Get a playlist! Standalone player Get Ringtones

Since I now have Remnant out to a few readers, I'll go ahead and post the "soundtrack" I've been sitting on for a few months. What? A soundtrack for a Book of Mormon-ish novel?
I told you, it happens. Enjoy!

Added 1-15-10: Thanks, David J. West for sharing your BoM playlist. Filter, The Killers, and Lacuna Coil rounded things out; just what I was looking for.

January 9, 2010

Letting It Go


The story I am writing exists, written in absolutely perfect fashion, some place, in the air.  All I must do is find it, and copy it. 
~Jules Renard, "Diary," February 1895

I just sent off The Inn, the sequel to The Orchard, to the publisher for submission.
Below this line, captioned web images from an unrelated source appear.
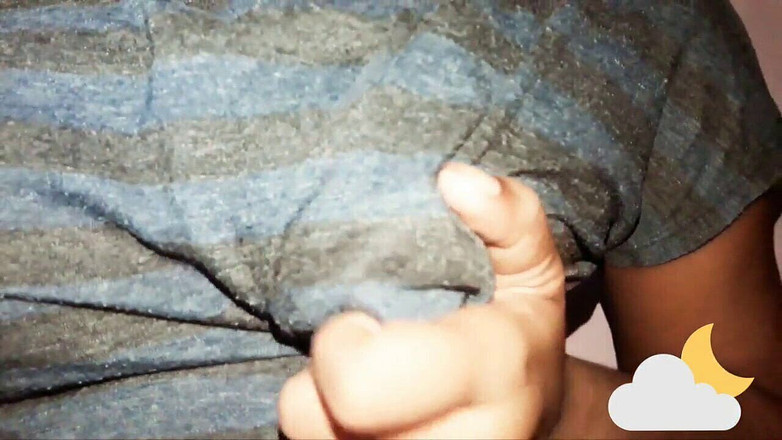 Tharumini_Official: Indisches teenie-mädchen spielt mit ihren natürlichen titten - nippelspiel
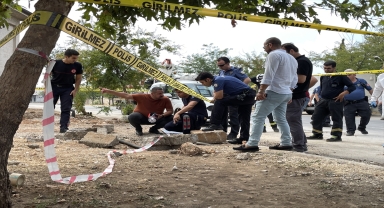 Antalya'da hırsızlık için yer altı elektrik şebeke hattına giren kişinin cesedi bulundu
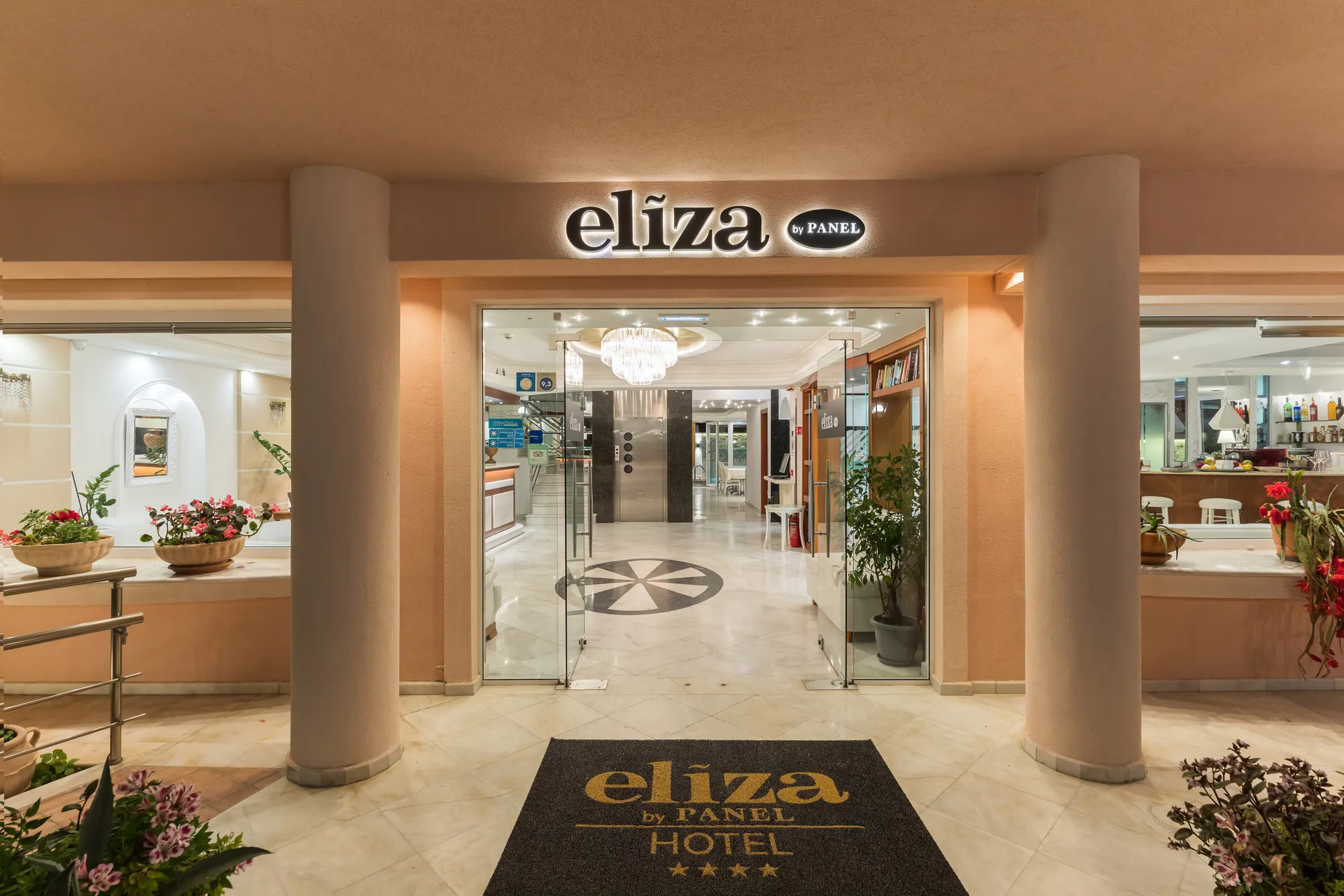 Eliza Hotel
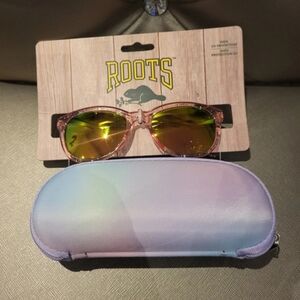 ⭐️Host Pick⭐️Roots Kid's Pink Glittery Sunglasses and Case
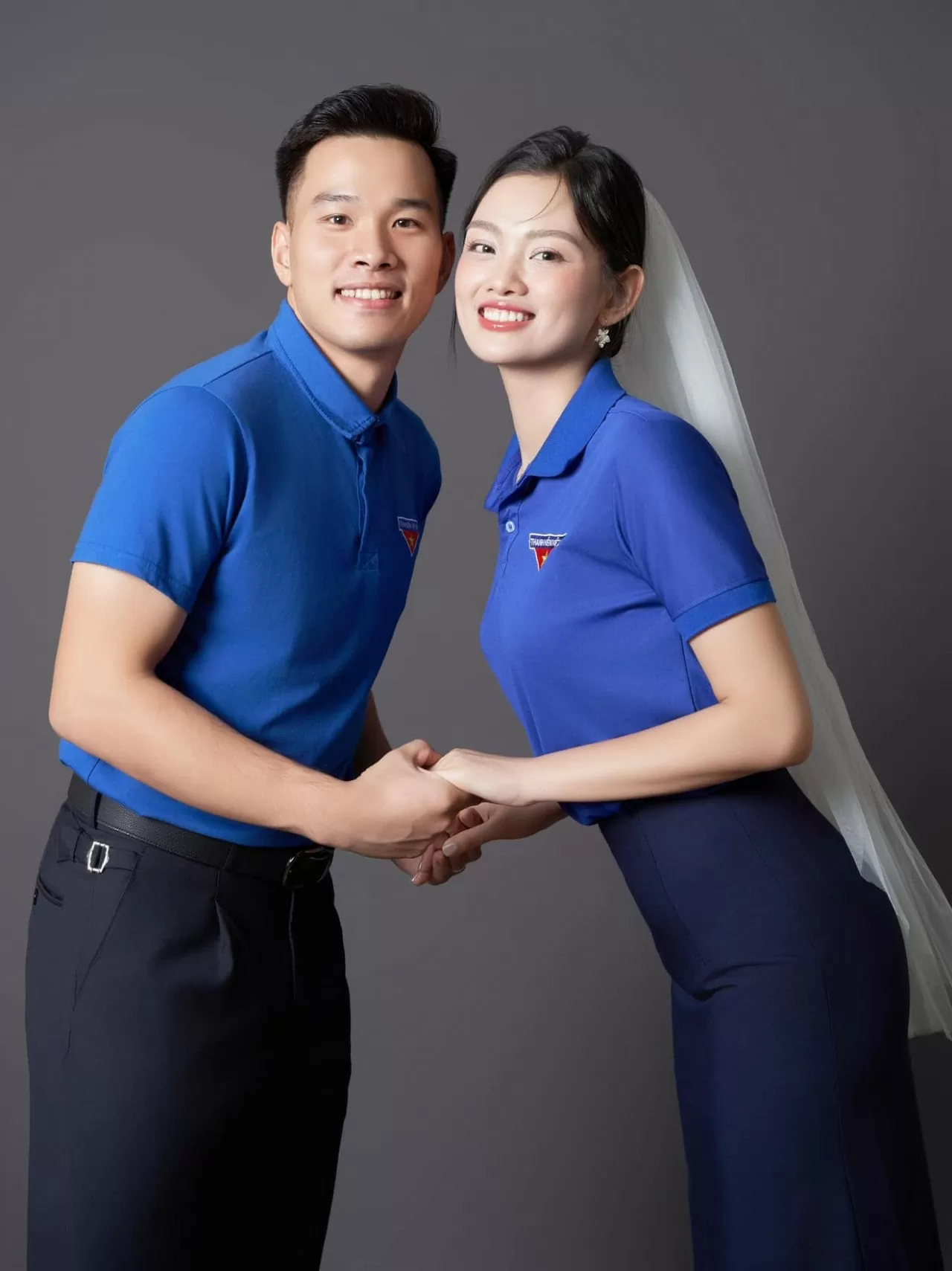 Hoa khôi bóng chuyền Nguyễn Thu Hoài rạng rỡ trong bộ ảnh cưới phong cách Đoàn viên thanh niên Hoa khôi bóng chuyền Nguyễn Thu Hoài rạng rỡ trong bộ ảnh cưới phong cách Đoàn viên thanh niên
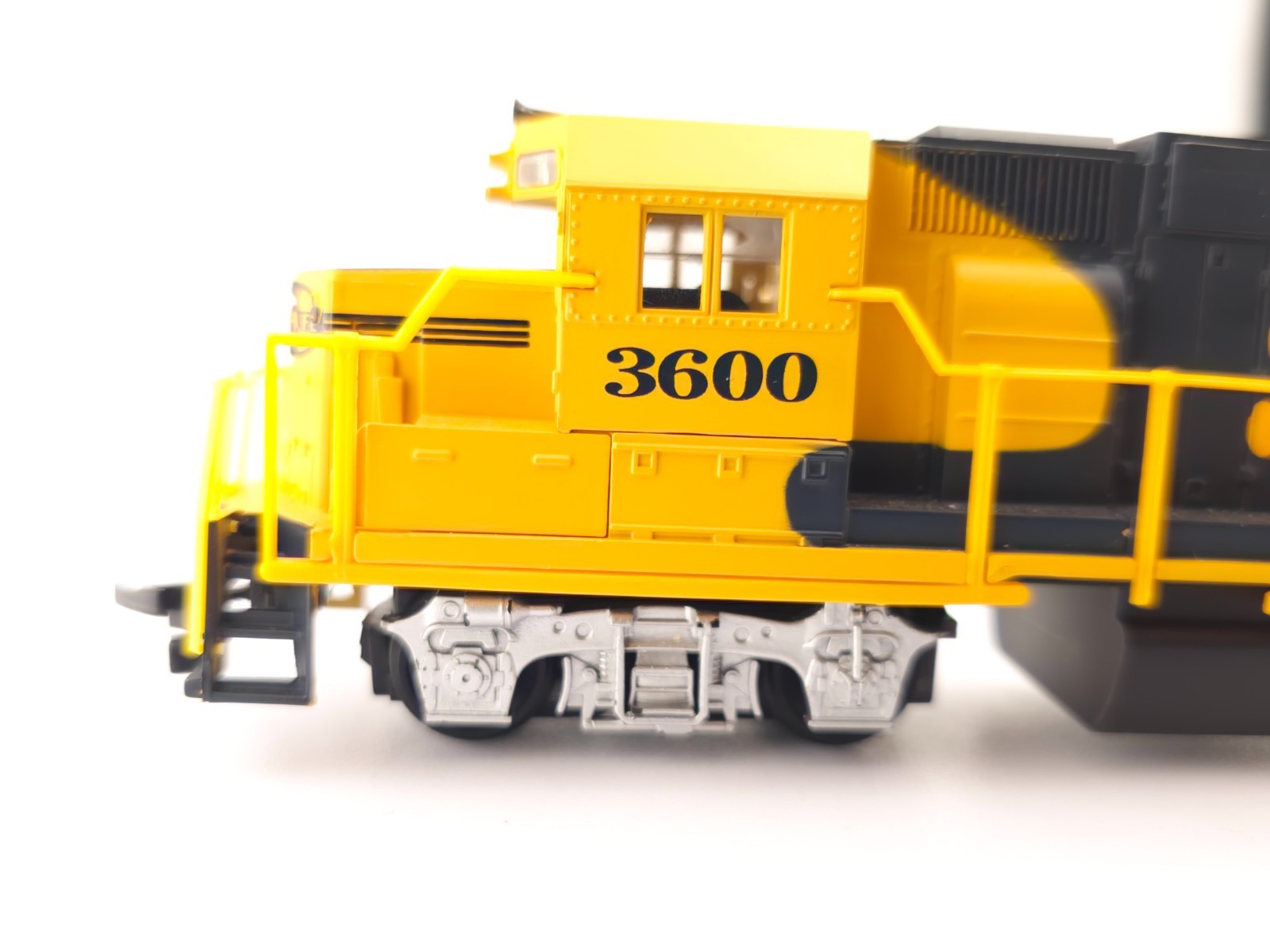 Life-Like HO Scale Santa Fe GP38 DUMMY Diesel Locomotive #3600 Model Train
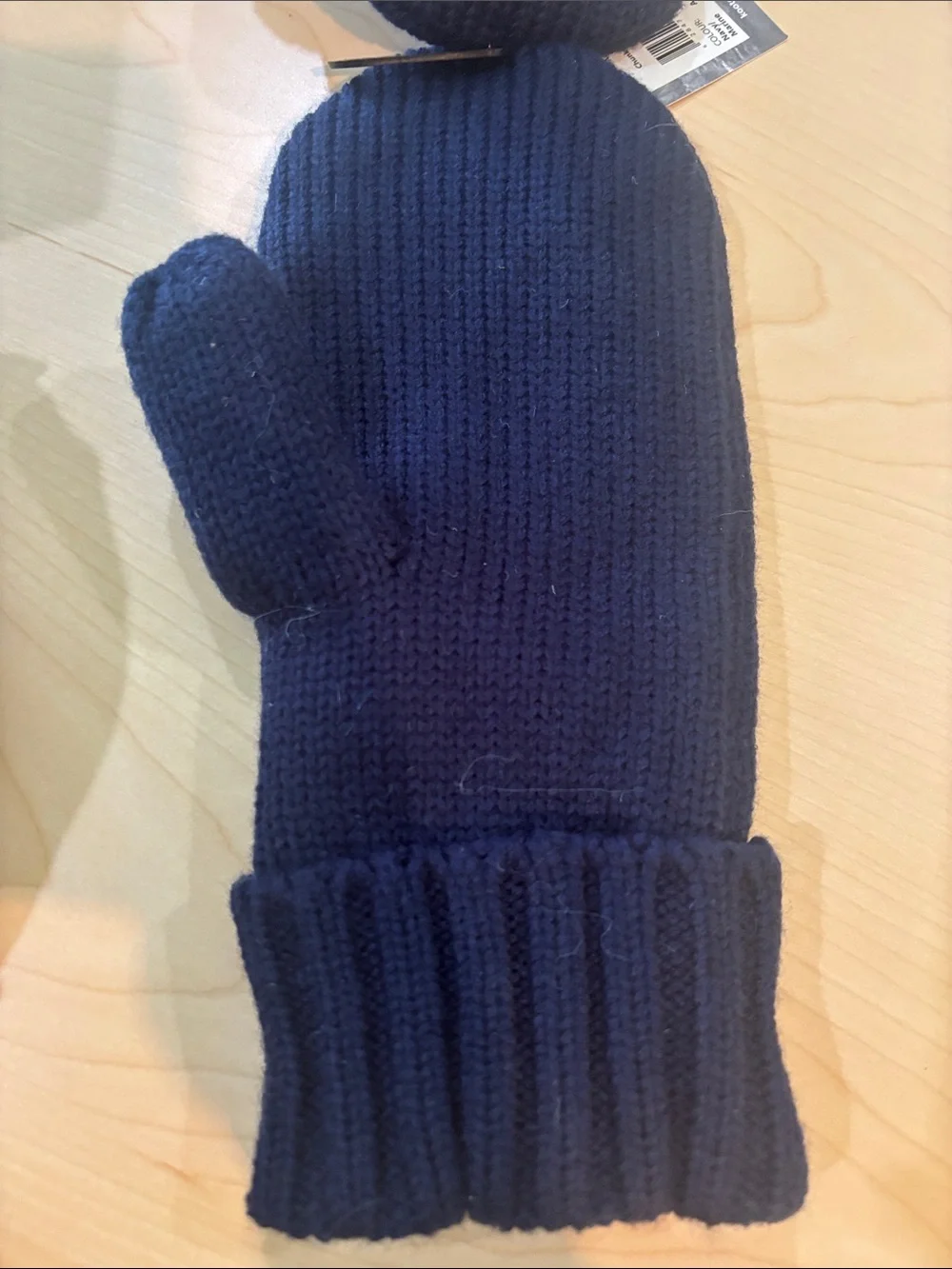 NWT- Kootenay Adult Navy Chunky Knit Mittens- Cozy Classic
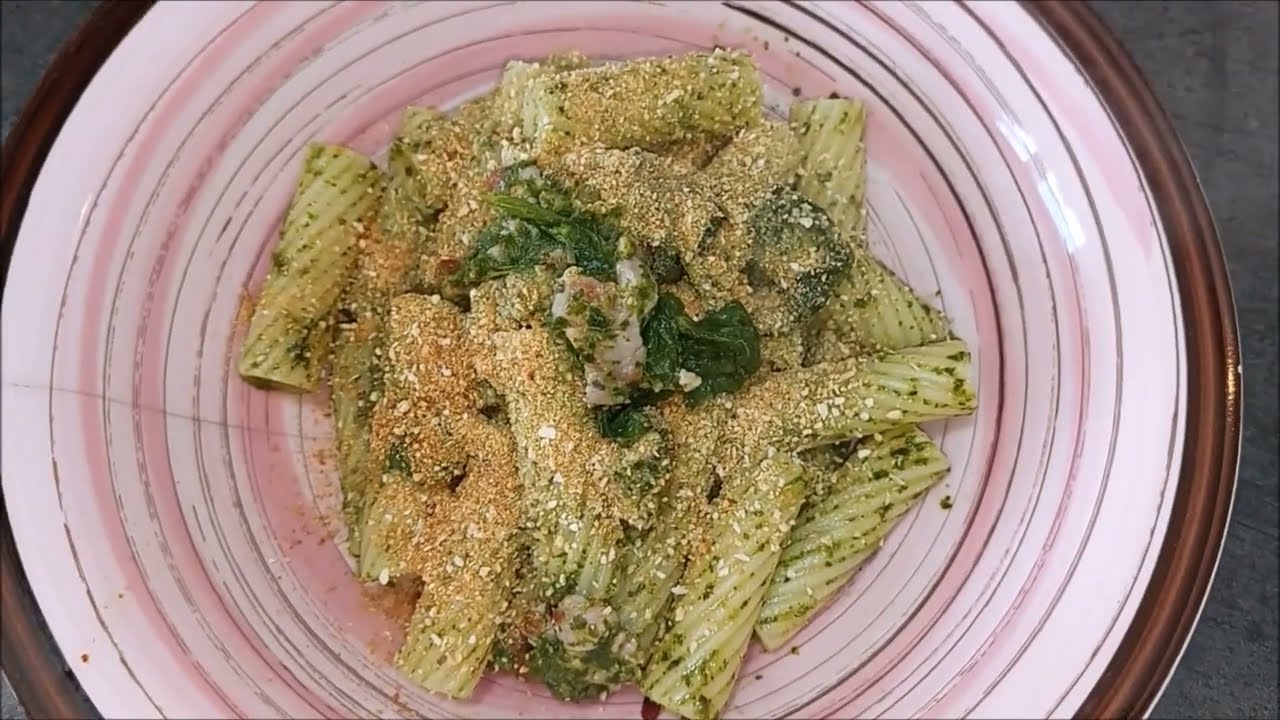 pasta con crema di cime di rapa e salsiccia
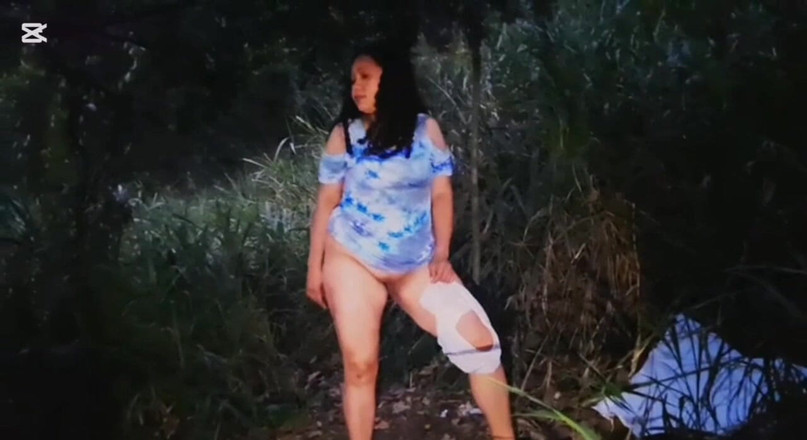 Milfcaliente69: Мілфа мастурбує на відкритому повітрі в Медельїні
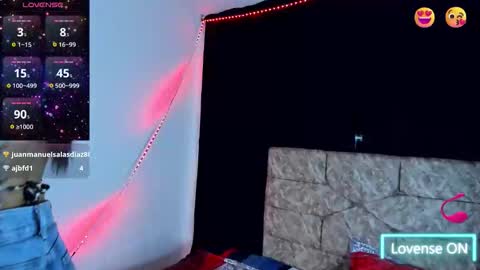 Snapshot of vikgomez chatting on 09-27-25, 03:22 Vikgomez online show from 09-27-25, 03:22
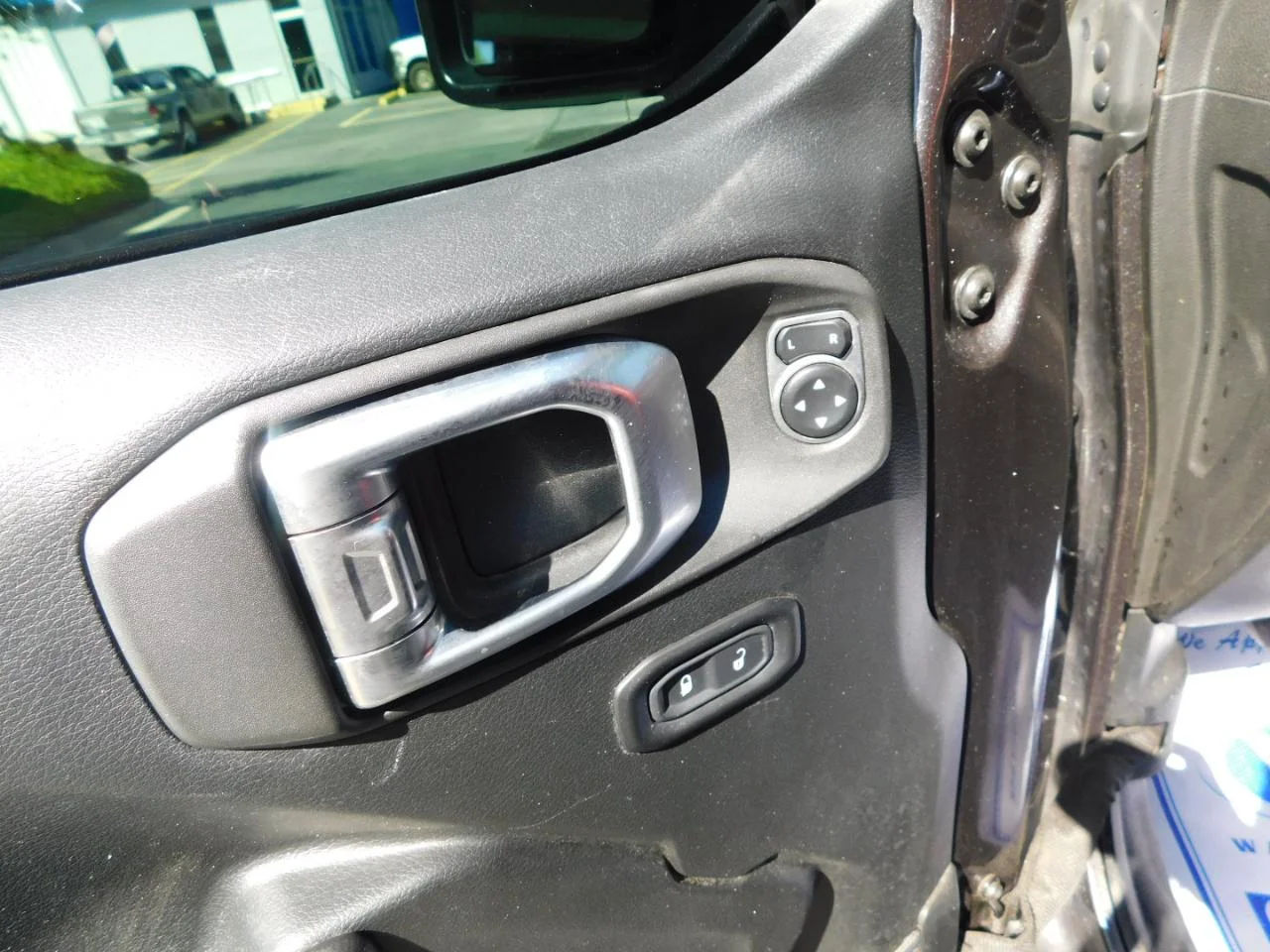 Used 2019 Gray Jeep SPORT S 4X4 image 25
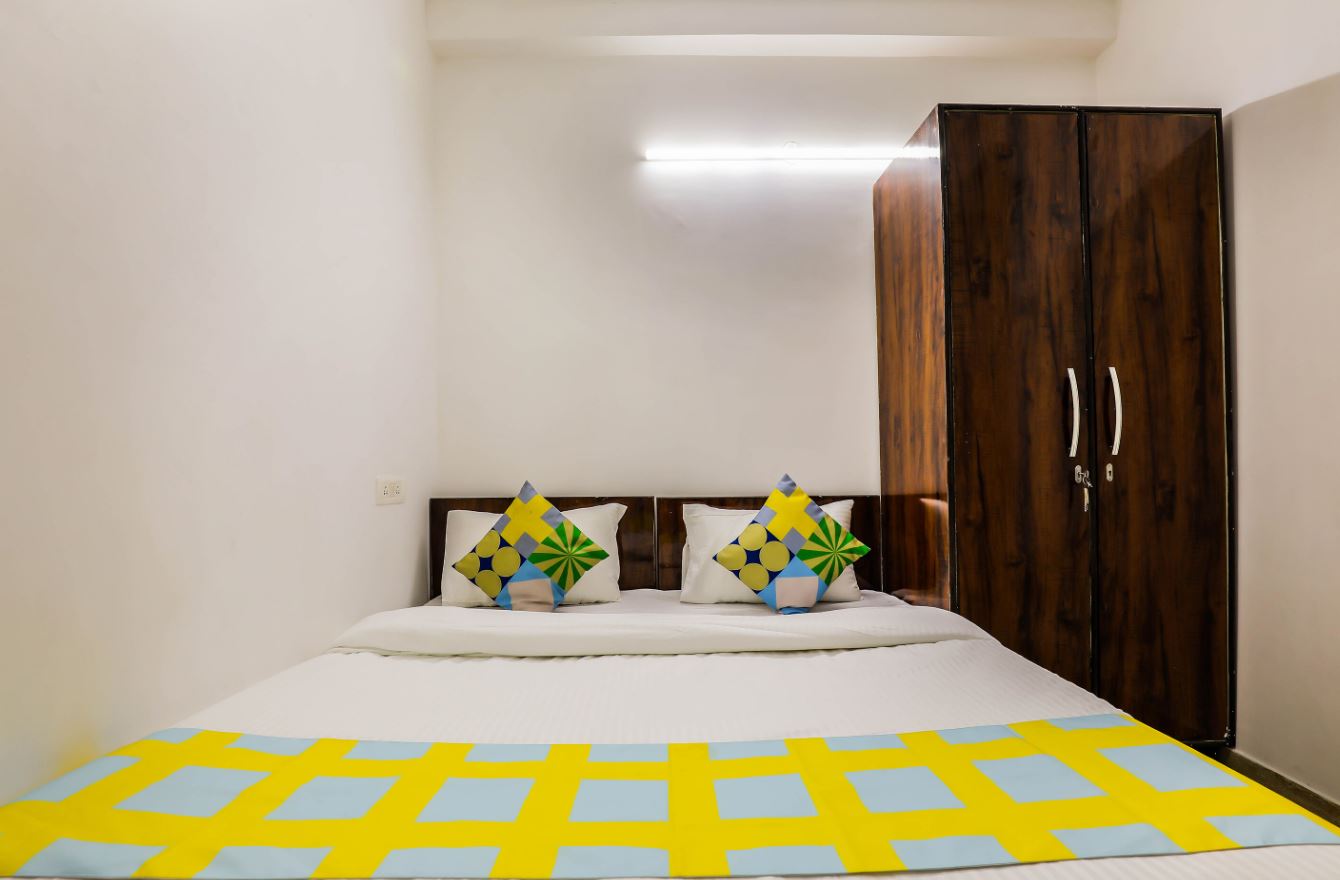 Elegant Stay, New Delhi 4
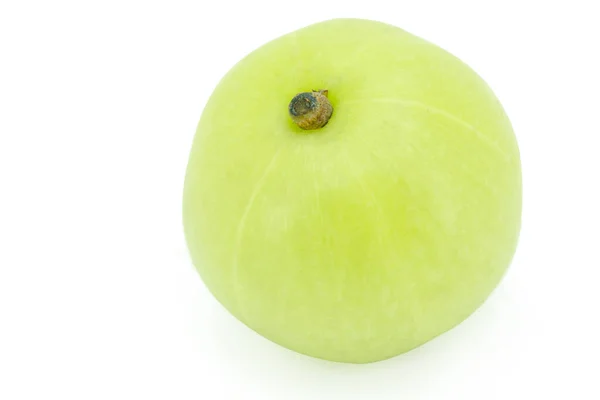 Індійський аґрус - зелені фрукти, ізольовані на білій хребті. — стокове фото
Just now. I just pressed the 'send' button, and off it went, my heart racing.
It's incredible, how it feels to send a work out. Even by email.

relief
anxiety
hope
idiocy
passion

Just to name a few emotions.
I'm going to bed. And saying my prayers.

What else is waiting there in the air?

January 2, 2010

Worth It


Writers are not just people who sit down and write.  They hazard themselves.  Every time you compose a book your composition of yourself is at stake. ~E.L. Doctorow
As I contemplate getting back into our regular schedules after the holidays, after welcome distractions of family and entertainment and shopping and food, of traditions and meaning and blessings, I feel that little tremor of anticipation regaining its ground again. I am so excited, the tremor repeats. I will be published.
A small part of that tremor is, however, a bit of a weight. People will be reading my work, and then they will have an opinion about it. Stay down, little tremor. Isn't that why we write? To get out a story we are mixing around in our heads, something we have to say, some experience or emotion or tribulation we need to express, work through, meet in challenge, because aren't we all going through things, experiencing life in all walks? And how easy is it to think we are alone in it, and how amazing is it to find that we are not? In a book? Written by somebody?

When I read Coming Home, by Rosamunde Pilcher, I slip so easily into her hero's character it scares me. And I love it. I've read it five times.
What stories have you found an affinity to? What stories have you read and as you did, the thought came, "Yes. That's it. That's how it feels. I relate."? Do you hesitate to put your book out there?